Utwór inicjuje soczyste brzmienie gitar, głos Rylee osiąga cudownie wysokie rejestry, wpleciony w chóralne harmonie - lekko, beztrosko, w aureoli światła. Można go słuchać i słuchać.
Lecz to nie koniec rozkoszy dla zmysłów. „Your Flaws” przynosi milion zadziwiających nut, z których układanka unosi pod niebo. Przepiękny duet małżeński państwa McDonald olśniewa swoim blaskiem. W tym utworze czuje się niebywałą chemię pomiędzy Rylee i Kristen. Tych dwoje tworzy zmysłową harmonię, eksplodują sensualnym blaskiem i miłością ukrytą pomiędzy słowami. Ludzie miewają wady, lecz prawdziwe uczucie to akceptacja i wybaczenie:
„Better to walk with you than face the unknown. Better in fire than cold as stone. Best we should reap what we have sown. Better in fire than cold as stone. Better to be chained than die alone...”.
Na basie zagrał tu gościnnie Dave Meros (Spock’s Beard, Pattern Seeking Animals).
W kolejnej kompozycji - „Truth”, wystąpiła raz jeszcze Kristen McDonald w duecie ze swoim mężem.

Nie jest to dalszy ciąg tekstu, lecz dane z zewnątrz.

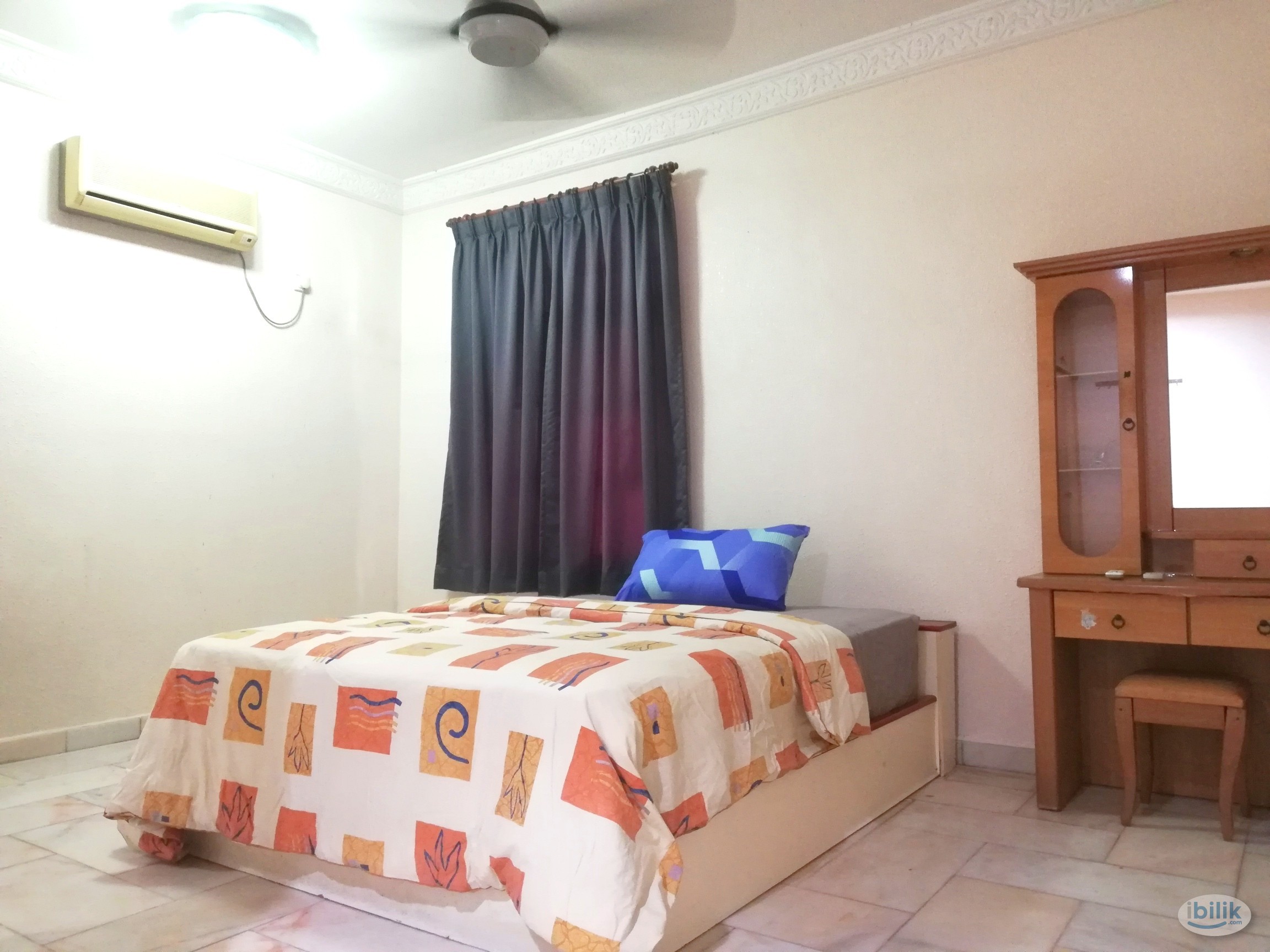 ✅Personal Toilet Room at ✨Taman Idaman✨, Near ✅Batu Kawan / Bukit Minyak Industrial. - Image 3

Linia wokalna wspiera się na wyrazistym, gitarowym akompaniamencie i sekcji rytmicznej.
„Calling It Off” jest przesiąknięte klimatami Porcupine Tree. Charyzmatyczny wokal McDonalda jest myślą przewodnią, esencją finezyjnej aury i klamrą spinającą instrumentalne szaleństwo. A jest tu czego i kogo posłuchać. Obok znakomitych muzyków Advent Horizon, wystąpił tu sam mistrz instrumentów klawiszowych w osobie Jordana Rudessa (Dream Theater).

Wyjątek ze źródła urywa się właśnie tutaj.